Behold The New York Times: Then and Now


Three days after 9/11, a New York Times op-ed piece demanded that the Bush administration use every available means to track the terrorists' financial networks. The words 'duplicitous' and 'hypocritical' come to mind; and they aren't nearly strong enough. I think the word 'prosecution' should also be involved (hat tip: Sweetness & Light via LGF):

Organizing the hijacking of the planes that crashed into the World Trade Center and the Pentagon took significant sums of money. The cost of these plots suggests that putting Osama bin Laden and other international terrorists out of business will require more than diplomatic coalitions and military action. Washington and its allies must also disable the financial networks used by terrorists.

The Bush administration is preparing new laws to help track terrorists through their money-laundering activity and is readying an executive order freezing the assets of known terrorists.

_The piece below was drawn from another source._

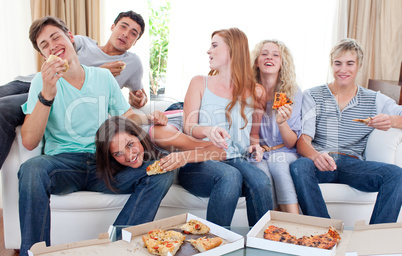 Teenagers eating pizza at home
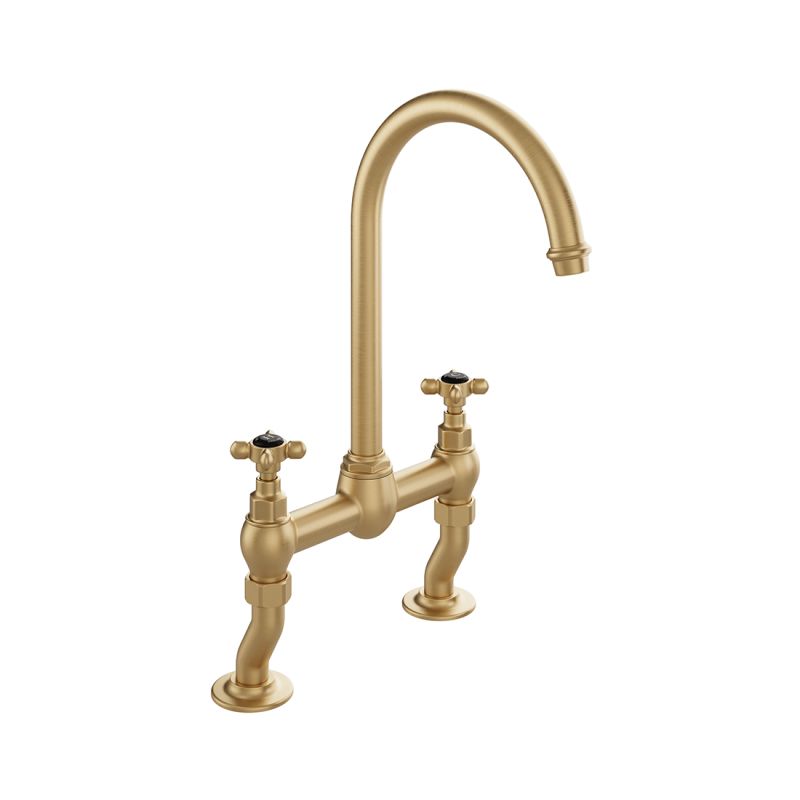 Booth & Co. Axbridge bridge kitchen tap mixer with cross handles, finished in brushed brass with black ceramic accents.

Much more is needed, including stricter regulations, the recruitment of specialized investigators and greater cooperation with foreign banking authorities. There must also must be closer coordination among America’s law enforcement, national security and financial regulatory agencies.

And yesterday, the Times ran another op-ed the stammeringly attempts to explain its exposure of the perfectly legal, yet classified, SWIFT terrorist-tracking program. No, the paper explains, it's not at war with the Bush administration:

It is certainly unlikely that anyone who wanted to hurt the Bush administration politically would try to do so by writing about the government’s extensive efforts to make it difficult for terrorists to wire large sums of money.

From our side of the news-opinion wall, the Swift story looks like part of an alarming pattern. Ever since Sept. 11, the Bush administration has taken the necessity of heightened vigilance against terrorism and turned it into a rationale for an extraordinarily powerful executive branch, exempt from the normal checks and balances of our system of government. It has created powerful new tools of surveillance and refused, almost as a matter of principle, to use normal procedures that would acknowledge that either Congress or the courts have an oversight role.

Patterico uses everything but tasers and cattle-prods in disciplining the partisan hacks of the Times. He translates this silly suite of sentences:

Nobody could possibly think we’re trying to get the Bush Administration by revealing the Swift program. After all, the Swift program shows Bush is fighting terrorists, so it’s not as though the Swift program reflects badly on the Bush Administration.

But Good Lord, the Swift program sure does reflect badly on the Bush Administration!

Just when you think the Times has hit rock bottom, they break out the pick-axes and start digging a new sub-basement.